Every major technology breakthrough of our era has gone through a similar cycle in pursuit of turning fiction to reality.

It starts in the stages of scientific discovery, a pursuit of principle against a theory, a recursive process of hypothesis-experiment. Success of the proof of principle stage graduates to becoming a tractable engineering problem, where the path to getting to a systemized, reproducible, predictable system is generally known and de-risked. Lastly, once successfully engineered to the performance requirements, focus shifts to repeatable manufacturing and scale, simplifying designs for production.

Since theorized by Richard Feynman and Yuri Manin, quantum computing has been thought to be in a perpetual state of scientific discovery. Occasionally reaching proof of principle on a particular architecture or approach, but never able to overcome the engineering challenges to move forward.

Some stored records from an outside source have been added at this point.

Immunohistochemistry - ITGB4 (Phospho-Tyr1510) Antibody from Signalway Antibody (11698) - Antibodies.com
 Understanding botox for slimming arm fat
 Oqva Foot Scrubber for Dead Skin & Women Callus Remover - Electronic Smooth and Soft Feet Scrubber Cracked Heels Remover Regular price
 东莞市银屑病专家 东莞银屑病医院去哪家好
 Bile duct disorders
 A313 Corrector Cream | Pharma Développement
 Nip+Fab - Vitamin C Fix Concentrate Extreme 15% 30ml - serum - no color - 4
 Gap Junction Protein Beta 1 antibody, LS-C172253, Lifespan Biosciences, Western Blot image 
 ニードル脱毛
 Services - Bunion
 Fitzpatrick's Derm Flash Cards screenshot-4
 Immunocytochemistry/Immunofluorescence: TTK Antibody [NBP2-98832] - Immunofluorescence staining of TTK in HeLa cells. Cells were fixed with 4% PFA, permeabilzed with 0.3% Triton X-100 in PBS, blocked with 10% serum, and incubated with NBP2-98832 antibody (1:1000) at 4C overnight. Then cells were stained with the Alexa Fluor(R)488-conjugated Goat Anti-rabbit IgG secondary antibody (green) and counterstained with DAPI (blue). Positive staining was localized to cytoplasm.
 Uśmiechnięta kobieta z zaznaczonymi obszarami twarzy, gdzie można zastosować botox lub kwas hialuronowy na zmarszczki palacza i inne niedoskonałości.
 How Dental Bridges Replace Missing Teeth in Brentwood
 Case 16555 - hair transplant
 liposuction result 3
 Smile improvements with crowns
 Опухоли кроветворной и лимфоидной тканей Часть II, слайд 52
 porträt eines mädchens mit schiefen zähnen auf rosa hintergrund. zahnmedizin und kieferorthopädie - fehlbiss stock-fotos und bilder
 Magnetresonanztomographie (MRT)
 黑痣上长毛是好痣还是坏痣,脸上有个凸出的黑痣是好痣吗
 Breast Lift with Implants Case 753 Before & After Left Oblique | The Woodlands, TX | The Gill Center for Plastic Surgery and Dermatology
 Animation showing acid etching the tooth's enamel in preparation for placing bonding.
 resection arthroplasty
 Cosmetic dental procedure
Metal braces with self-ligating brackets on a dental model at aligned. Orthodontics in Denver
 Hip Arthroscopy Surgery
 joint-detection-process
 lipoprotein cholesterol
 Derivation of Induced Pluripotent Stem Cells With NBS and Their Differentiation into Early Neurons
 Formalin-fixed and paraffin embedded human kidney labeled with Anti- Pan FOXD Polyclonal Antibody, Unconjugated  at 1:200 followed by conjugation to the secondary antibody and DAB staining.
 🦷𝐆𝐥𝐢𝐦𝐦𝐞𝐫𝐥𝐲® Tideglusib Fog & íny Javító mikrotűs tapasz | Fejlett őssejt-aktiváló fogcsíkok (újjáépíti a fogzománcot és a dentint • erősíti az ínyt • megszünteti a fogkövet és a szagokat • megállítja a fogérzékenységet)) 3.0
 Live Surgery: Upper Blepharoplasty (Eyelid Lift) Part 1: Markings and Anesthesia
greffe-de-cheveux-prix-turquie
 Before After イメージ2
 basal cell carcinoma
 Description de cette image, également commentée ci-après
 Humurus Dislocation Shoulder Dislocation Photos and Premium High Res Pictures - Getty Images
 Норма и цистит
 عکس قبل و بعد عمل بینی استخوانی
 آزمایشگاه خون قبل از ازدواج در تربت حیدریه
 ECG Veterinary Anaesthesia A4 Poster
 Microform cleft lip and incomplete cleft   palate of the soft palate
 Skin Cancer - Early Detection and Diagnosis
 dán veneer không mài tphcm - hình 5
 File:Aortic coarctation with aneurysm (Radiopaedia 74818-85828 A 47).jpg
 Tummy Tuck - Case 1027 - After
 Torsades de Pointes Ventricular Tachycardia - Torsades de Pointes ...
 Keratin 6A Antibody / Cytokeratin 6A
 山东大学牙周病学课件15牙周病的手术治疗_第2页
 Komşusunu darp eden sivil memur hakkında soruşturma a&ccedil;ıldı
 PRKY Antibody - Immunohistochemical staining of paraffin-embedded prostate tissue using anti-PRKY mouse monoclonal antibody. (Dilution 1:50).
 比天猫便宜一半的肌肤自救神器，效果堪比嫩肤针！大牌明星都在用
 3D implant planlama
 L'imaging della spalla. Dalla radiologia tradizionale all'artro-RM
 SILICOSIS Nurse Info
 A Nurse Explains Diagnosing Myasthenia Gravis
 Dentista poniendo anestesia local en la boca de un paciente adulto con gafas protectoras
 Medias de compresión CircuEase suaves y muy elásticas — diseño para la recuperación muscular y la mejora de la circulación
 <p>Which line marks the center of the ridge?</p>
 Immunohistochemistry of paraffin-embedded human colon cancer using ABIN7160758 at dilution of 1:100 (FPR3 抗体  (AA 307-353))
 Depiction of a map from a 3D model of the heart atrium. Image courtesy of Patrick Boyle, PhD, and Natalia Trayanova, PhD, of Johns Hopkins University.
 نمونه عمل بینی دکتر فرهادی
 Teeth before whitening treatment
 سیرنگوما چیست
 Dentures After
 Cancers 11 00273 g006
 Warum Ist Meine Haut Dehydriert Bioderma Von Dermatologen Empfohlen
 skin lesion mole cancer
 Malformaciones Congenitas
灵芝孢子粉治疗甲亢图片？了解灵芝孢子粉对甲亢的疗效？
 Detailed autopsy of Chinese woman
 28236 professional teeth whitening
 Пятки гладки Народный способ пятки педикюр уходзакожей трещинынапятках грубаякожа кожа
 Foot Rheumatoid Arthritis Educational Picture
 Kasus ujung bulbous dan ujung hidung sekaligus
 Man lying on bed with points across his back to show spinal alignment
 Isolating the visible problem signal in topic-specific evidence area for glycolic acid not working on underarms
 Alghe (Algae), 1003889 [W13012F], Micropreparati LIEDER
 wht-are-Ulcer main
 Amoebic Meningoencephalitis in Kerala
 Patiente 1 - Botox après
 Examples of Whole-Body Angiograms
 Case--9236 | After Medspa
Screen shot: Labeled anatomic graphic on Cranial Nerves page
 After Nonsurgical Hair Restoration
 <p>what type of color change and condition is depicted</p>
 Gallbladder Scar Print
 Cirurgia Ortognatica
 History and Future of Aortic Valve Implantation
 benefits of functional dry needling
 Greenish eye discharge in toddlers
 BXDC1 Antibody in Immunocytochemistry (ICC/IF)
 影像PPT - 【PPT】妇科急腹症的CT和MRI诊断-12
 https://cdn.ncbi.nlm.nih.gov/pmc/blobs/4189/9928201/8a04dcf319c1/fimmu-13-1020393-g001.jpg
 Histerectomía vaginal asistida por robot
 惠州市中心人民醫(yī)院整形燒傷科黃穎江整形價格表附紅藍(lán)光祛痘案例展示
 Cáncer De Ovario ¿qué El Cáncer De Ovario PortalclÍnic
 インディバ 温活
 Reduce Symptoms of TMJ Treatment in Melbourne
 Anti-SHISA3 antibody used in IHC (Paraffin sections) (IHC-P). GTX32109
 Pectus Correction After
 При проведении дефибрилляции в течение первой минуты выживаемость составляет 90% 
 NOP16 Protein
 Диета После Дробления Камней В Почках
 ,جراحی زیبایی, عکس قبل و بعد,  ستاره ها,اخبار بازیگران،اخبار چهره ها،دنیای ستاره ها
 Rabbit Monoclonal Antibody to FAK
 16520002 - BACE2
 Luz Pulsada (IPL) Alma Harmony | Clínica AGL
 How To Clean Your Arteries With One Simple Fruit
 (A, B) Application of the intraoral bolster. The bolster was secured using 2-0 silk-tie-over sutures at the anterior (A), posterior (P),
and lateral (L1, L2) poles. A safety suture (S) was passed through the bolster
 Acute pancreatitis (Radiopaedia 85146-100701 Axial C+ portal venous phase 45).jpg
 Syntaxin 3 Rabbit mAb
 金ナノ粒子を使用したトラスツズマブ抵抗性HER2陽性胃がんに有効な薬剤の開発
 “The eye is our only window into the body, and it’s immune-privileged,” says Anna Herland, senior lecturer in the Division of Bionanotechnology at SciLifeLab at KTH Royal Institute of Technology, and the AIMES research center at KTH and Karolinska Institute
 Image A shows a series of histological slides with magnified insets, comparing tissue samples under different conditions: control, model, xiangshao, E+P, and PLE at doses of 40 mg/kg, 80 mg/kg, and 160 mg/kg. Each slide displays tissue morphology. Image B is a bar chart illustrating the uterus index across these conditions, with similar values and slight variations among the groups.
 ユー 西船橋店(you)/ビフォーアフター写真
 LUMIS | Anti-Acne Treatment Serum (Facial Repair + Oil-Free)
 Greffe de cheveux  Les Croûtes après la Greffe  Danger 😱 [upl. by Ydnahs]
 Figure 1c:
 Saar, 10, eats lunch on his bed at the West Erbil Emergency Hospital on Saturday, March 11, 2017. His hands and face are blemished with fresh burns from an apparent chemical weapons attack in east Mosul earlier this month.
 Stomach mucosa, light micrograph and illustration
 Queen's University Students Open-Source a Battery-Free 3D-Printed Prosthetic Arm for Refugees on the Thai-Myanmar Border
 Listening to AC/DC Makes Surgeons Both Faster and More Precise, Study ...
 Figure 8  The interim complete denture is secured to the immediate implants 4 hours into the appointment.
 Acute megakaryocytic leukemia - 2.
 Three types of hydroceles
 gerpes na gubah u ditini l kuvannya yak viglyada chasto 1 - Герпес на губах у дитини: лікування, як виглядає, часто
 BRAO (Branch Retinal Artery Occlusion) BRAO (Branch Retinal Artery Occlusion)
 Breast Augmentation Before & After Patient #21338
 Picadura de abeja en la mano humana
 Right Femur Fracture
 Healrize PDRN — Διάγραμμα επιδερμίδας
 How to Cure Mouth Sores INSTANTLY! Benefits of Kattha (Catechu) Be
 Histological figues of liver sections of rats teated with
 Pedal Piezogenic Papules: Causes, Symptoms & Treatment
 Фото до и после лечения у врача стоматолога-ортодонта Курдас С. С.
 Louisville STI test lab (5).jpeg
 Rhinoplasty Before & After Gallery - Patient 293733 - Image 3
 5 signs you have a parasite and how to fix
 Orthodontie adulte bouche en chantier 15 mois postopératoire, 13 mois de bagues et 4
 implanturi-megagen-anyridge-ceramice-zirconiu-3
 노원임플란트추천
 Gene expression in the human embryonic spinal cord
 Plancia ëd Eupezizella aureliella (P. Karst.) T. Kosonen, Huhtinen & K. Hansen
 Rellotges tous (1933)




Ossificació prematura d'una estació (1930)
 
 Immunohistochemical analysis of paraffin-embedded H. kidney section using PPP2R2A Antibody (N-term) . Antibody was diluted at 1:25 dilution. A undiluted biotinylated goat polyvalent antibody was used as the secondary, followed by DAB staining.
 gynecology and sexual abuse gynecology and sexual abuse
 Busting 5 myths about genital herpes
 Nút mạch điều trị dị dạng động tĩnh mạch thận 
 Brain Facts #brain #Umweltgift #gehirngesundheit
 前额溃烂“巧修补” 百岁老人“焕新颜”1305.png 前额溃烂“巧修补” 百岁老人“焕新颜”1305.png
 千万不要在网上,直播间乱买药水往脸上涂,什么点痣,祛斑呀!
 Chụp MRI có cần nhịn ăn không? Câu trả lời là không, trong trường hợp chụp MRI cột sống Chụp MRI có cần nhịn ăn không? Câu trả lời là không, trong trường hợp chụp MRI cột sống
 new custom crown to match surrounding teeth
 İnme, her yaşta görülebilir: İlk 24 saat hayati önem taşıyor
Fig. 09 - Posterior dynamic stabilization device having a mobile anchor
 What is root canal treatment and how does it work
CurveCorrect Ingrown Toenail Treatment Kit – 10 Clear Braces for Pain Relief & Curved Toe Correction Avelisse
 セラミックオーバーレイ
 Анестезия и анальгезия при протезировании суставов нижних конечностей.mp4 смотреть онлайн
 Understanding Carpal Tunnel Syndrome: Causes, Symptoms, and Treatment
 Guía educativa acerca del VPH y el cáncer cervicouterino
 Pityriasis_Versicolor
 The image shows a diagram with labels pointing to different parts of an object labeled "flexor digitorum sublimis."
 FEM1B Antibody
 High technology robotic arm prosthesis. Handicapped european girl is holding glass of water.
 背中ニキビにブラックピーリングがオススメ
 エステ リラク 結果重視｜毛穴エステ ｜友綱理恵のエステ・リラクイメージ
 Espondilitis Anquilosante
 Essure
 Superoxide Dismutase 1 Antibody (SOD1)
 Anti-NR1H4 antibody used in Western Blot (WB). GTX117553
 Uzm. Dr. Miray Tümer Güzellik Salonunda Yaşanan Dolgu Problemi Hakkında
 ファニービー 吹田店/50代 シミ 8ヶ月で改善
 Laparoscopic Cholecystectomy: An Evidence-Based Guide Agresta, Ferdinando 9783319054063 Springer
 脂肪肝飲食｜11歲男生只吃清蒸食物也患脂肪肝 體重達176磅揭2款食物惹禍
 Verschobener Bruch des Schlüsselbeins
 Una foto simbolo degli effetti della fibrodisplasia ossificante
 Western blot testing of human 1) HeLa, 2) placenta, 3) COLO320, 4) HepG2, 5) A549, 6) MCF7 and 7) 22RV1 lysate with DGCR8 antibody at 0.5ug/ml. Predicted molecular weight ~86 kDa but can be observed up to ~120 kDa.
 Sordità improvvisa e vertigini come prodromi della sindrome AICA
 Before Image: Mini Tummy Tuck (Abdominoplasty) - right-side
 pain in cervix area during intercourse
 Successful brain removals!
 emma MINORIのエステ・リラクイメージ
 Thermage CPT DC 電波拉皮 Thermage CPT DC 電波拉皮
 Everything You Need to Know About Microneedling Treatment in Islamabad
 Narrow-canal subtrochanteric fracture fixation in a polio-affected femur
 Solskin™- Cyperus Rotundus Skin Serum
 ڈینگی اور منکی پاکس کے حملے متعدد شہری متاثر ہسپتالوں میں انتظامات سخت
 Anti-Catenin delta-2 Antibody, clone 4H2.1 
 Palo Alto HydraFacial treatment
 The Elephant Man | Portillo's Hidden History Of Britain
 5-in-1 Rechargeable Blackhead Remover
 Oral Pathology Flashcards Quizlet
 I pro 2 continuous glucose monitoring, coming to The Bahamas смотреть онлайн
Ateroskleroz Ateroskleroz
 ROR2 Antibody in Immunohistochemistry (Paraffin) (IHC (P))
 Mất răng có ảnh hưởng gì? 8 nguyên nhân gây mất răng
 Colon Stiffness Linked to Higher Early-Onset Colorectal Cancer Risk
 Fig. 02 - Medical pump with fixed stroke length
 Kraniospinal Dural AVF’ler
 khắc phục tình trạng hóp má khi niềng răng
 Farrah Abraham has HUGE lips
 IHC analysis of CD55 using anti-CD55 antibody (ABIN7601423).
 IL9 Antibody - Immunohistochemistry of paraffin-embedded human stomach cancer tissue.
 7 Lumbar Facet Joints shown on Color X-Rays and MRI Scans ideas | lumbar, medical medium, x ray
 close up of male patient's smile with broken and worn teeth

That’s until now. In the last 12 months, we have seen several meaningful breakthroughs from academia, venture-backed companies, and industry that looks to have broken through the remaining challenges along the scientific discovery curve. Moving quantum computing from science fiction that has always been “five to seven years away,” to a tractable engineering problem, ready to solve meaningful problems in the real world.

Companies such as Atom Computing* leveraging neutral atoms for wireless qubit control, Honeywell’s trapped ions approach, and Google’s superconducting metals, have demonstrated first-ever results, setting the stage for the first commercial generation of working quantum computers.

While early and noisy, these systems, even at just 40-80 error-corrected qubit range, may be able to deliver capabilities that surpass those of classical computers. Accelerating our ability to perform better in areas such as thermodynamic predictions, chemical reactions, resource optimizations and financial predictions.

As a number of key technology and ecosystem breakthroughs begin to converge, the next 12-18 months will be nothing short of a watershed moment for quantum computing.

Here are eight emerging trends and predictions that will accelerate quantum computing readiness for the commercial market in 2021 and beyond:

1. Dark horses of QC emerge: 2020 will be the year of dark horses in the QC race. These new entrants will demonstrate dominant architectures with 100-200 individually controlled and maintained qubits, at 99.9% fidelities, with millisecond to seconds coherence times that represent 2x -3x improved qubit power, fidelity and coherence times. These dark horses, many venture-backed, will finally prove that resources and capital are not sole catalysts for a technological breakthrough in quantum computing.